> **ASSIGNED TASK**: With the pictures omitted, repeat exactly the lines below starting with the line that has "Used 2023 Nissan" and going on through the line that has "Ankara yolunda feci kaza: 2 ölü 4 yaralı".
———
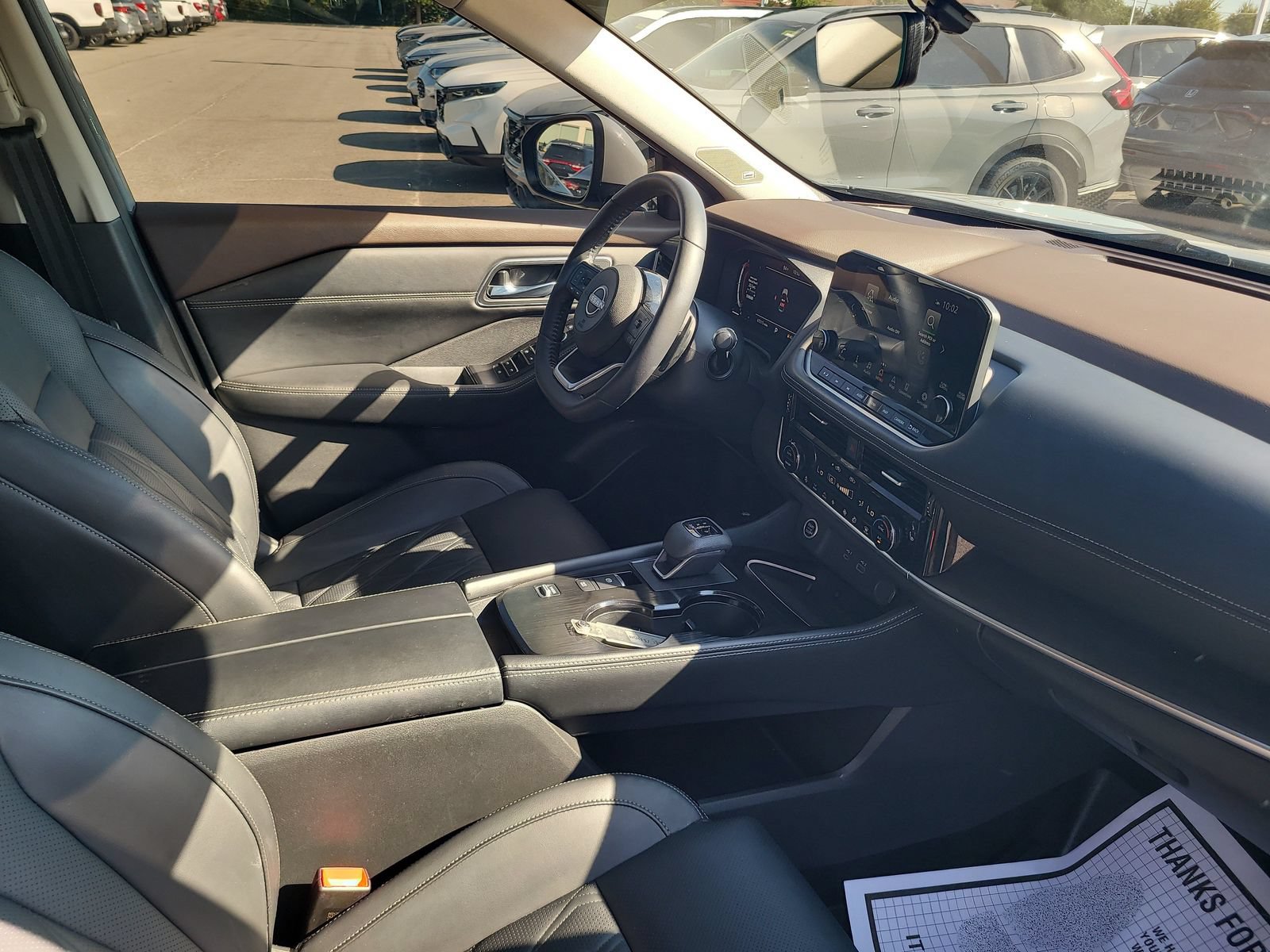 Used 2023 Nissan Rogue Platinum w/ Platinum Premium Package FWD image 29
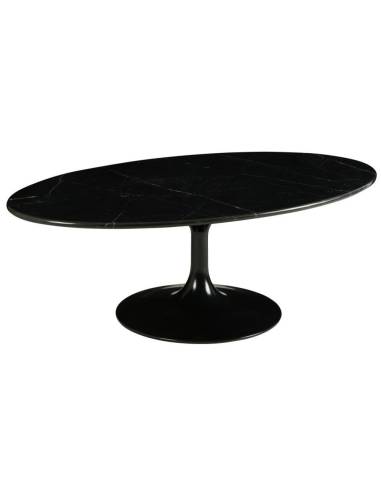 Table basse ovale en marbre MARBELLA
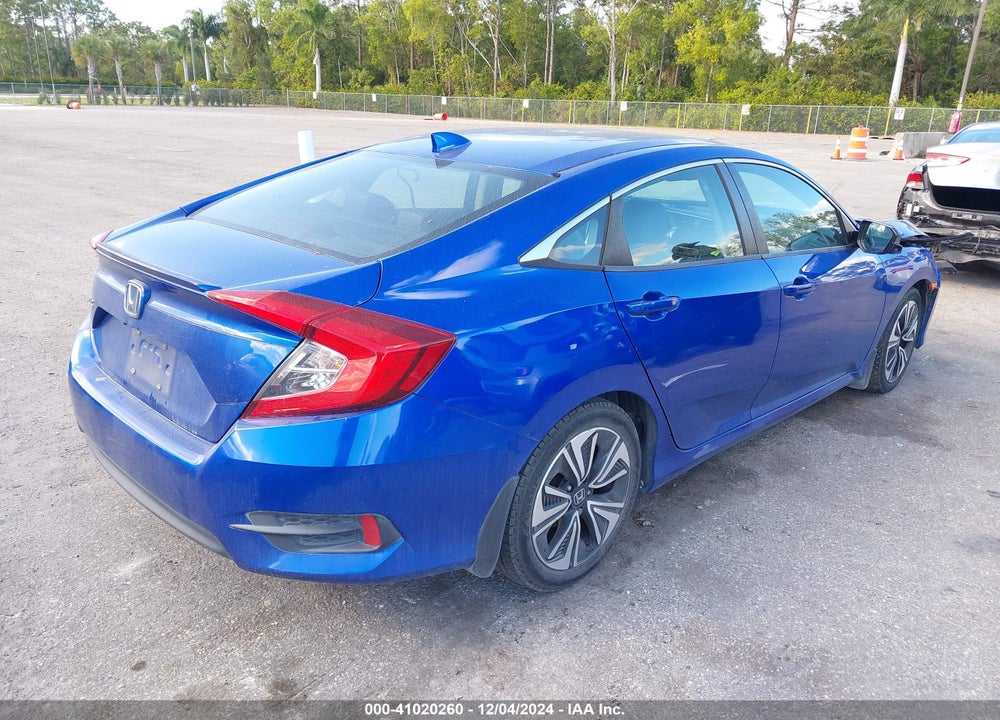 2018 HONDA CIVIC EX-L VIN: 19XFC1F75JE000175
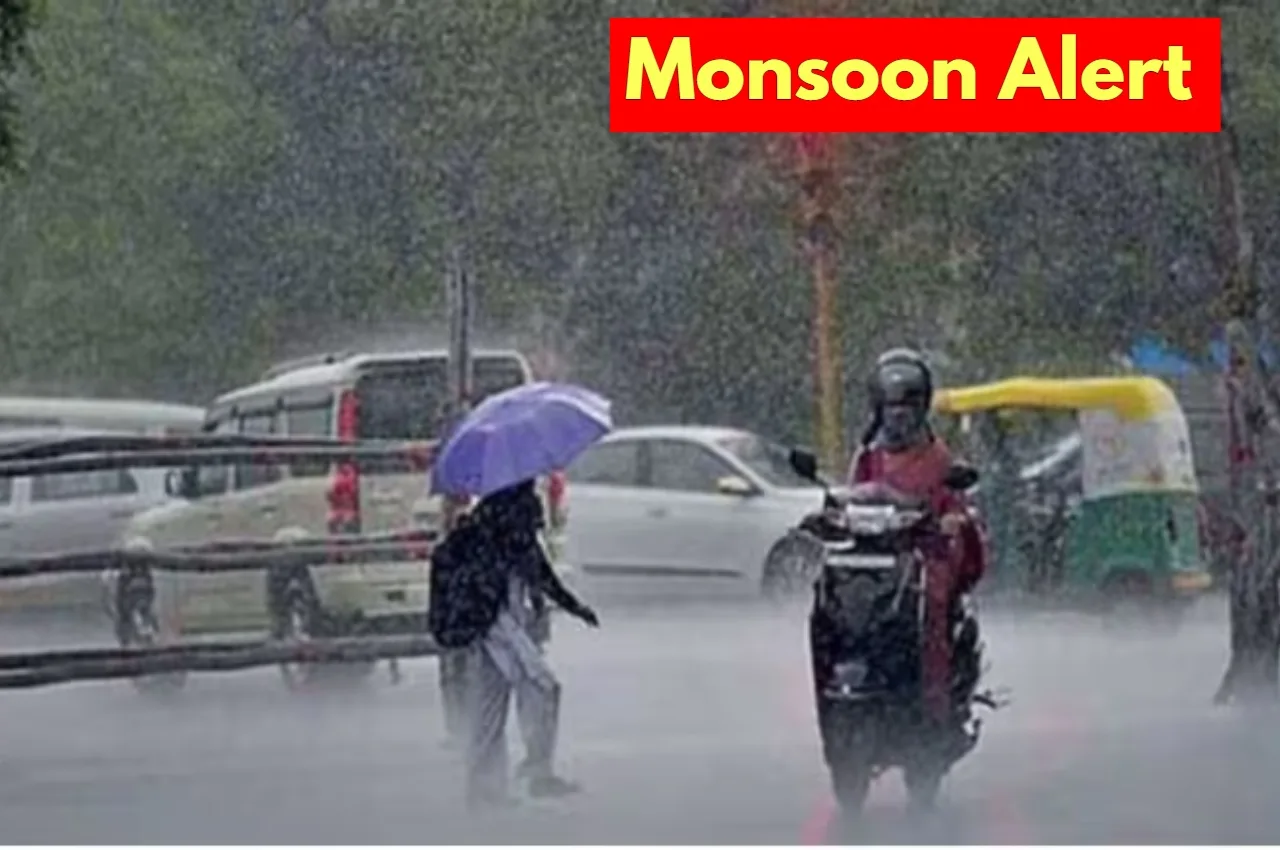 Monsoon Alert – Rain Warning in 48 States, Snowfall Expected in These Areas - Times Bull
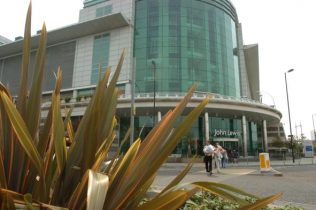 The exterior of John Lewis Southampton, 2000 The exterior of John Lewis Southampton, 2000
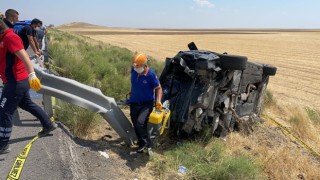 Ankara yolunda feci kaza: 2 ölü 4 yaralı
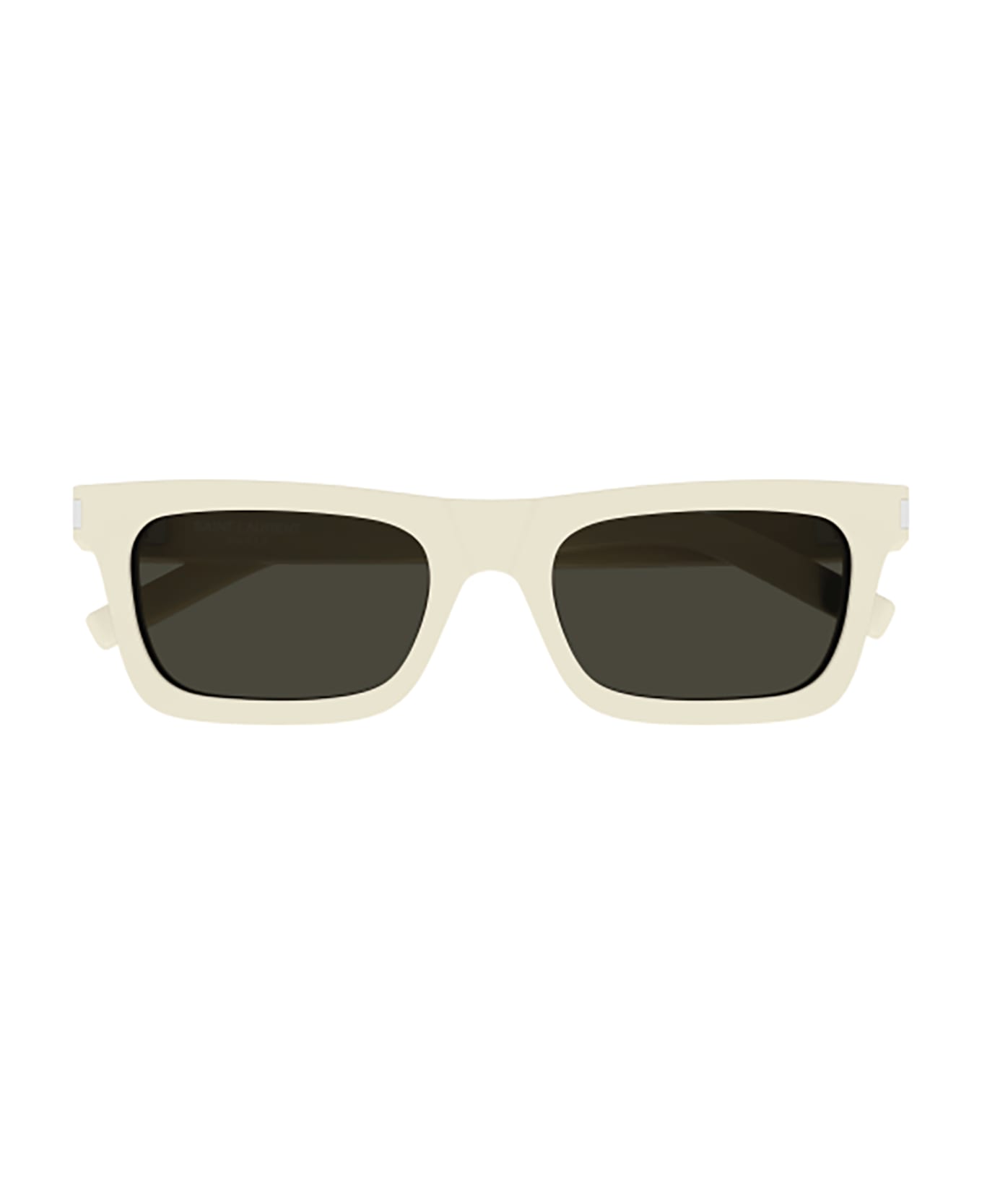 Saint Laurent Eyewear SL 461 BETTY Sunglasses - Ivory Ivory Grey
———
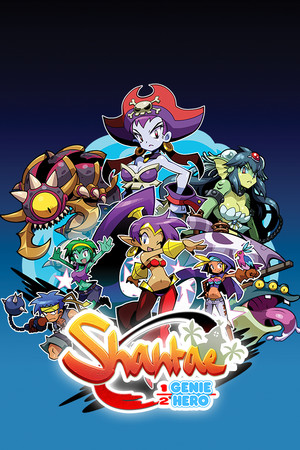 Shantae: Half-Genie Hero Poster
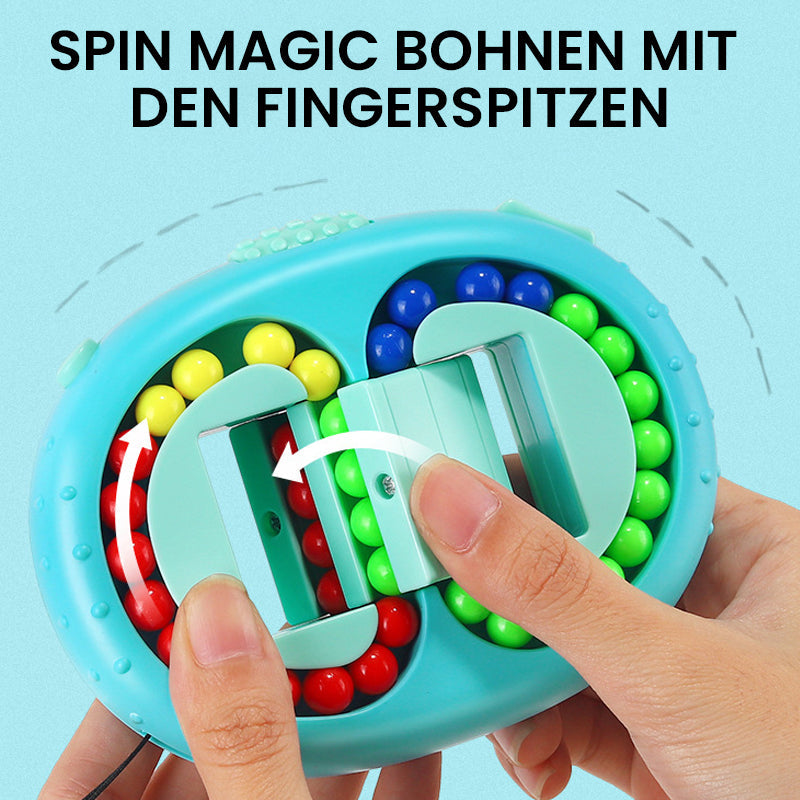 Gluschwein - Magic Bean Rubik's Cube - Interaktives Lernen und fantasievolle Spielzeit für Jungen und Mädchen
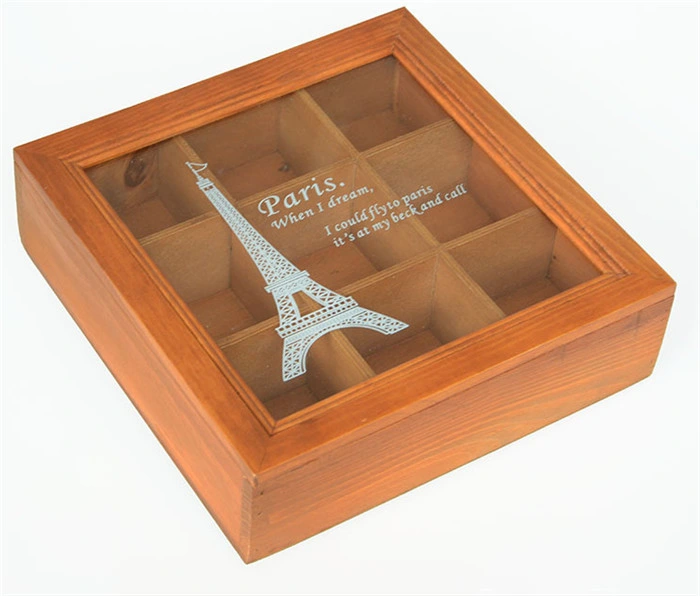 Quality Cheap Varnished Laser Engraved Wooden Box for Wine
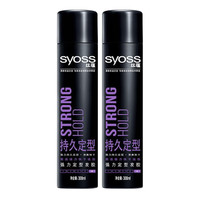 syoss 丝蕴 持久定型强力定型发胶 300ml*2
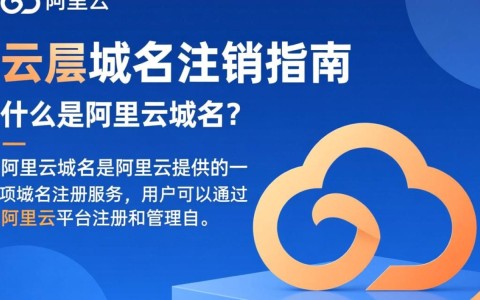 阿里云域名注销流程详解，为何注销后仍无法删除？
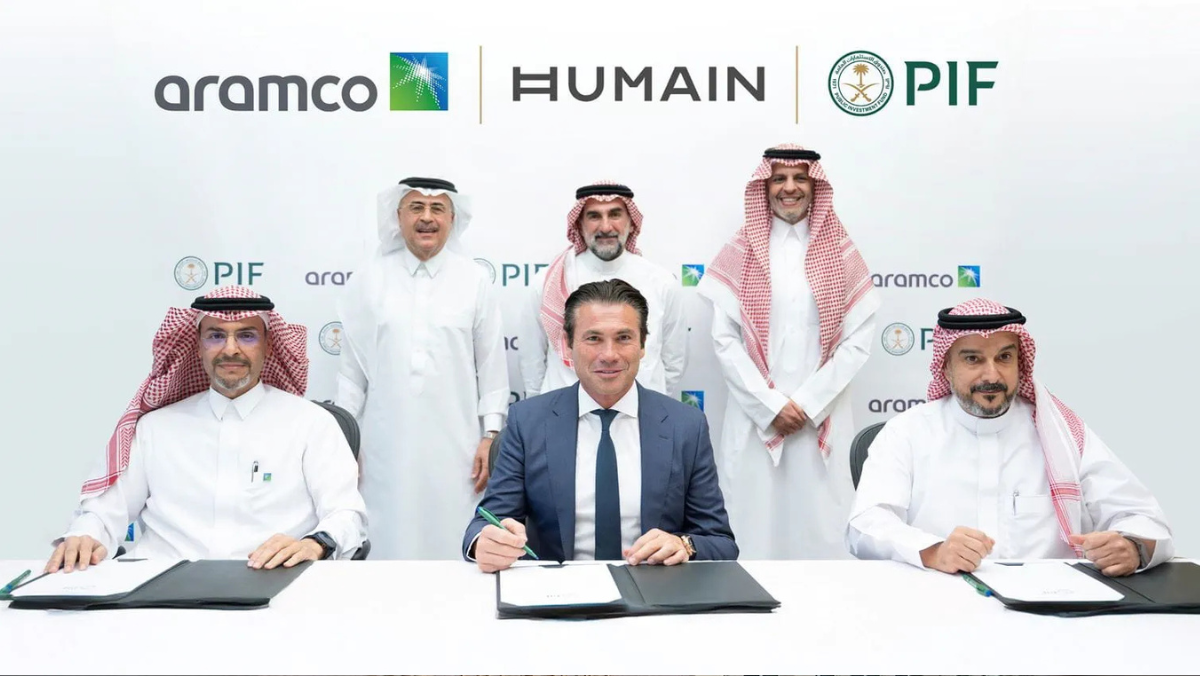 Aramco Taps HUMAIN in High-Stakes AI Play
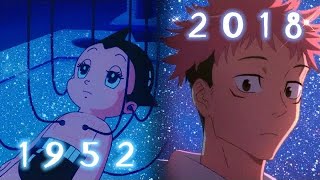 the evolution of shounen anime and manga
———
> **ANSWER BOX**:
 Used 2023 Nissan Rogue Platinum w/ Platinum Premium Package FWD image 29
 Table basse ovale en marbre MARBELLA
 2018 HONDA CIVIC EX-L VIN: 19XFC1F75JE000175
 Monsoon Alert – Rain Warning in 48 States, Snowfall Expected in These Areas - Times Bull
 The exterior of John Lewis Southampton, 2000 The exterior of John Lewis Southampton, 2000
 Ankara yolunda feci kaza: 2 ölü 4 yaralı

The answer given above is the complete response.